Cardioarterieel interval
Het cardio-arteriële interval (ook bekend als het cardio-arteriële interval) is het tijdsinterval tussen de hartslag en de daaropvolgende perifere puls. Het weerspiegelt de tijd waarin de pulsgolf zich voortplant van het hart naar de perifere slagaders.
Het cardio-arteriële interval hangt af van de arteriële stijfheid en de vasculaire compliantie. Hoe hoger de stijfheid van de slagaders en hoe lager hun rekbaarheid, hoe korter het cardio-arteriële interval.
Een toename van het cardio-arteriële interval kan worden waargenomen bij atherosclerose, hypertensie, diabetes mellitus en andere ziekten die gepaard gaan met een afname van de elasticiteit van de slagaders.

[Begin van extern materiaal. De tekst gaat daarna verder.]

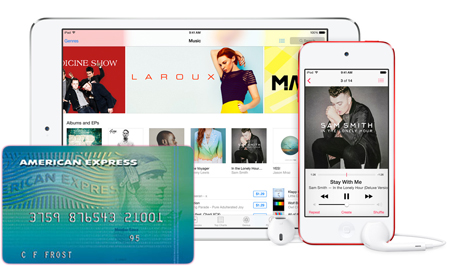 Amex-iTunes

Het cardio-arteriële interval is een belangrijke diagnostische indicator waarmee de stijfheid van de arteriële wand kan worden beoordeeld. De meting ervan wordt in de klinische praktijk gebruikt om aandoeningen van het cardiovasculaire systeem te identificeren en de effectiviteit van de behandeling te monitoren.
Cardio-arteriële intervallen zijn de tijdsintervallen die de perioden van hartslag en bloeddruk scheiden. Intervallen zijn belangrijk voor het bestuderen van de relatie tussen de hartfunctie en de bloedstroom in de slagaders. In dit artikel zullen we bekijken welke aspecten van het cardio-arteriële interval en hoe dit verband houdt met hart- en vaatziekten, en manieren om deze te behandelen en te voorkomen.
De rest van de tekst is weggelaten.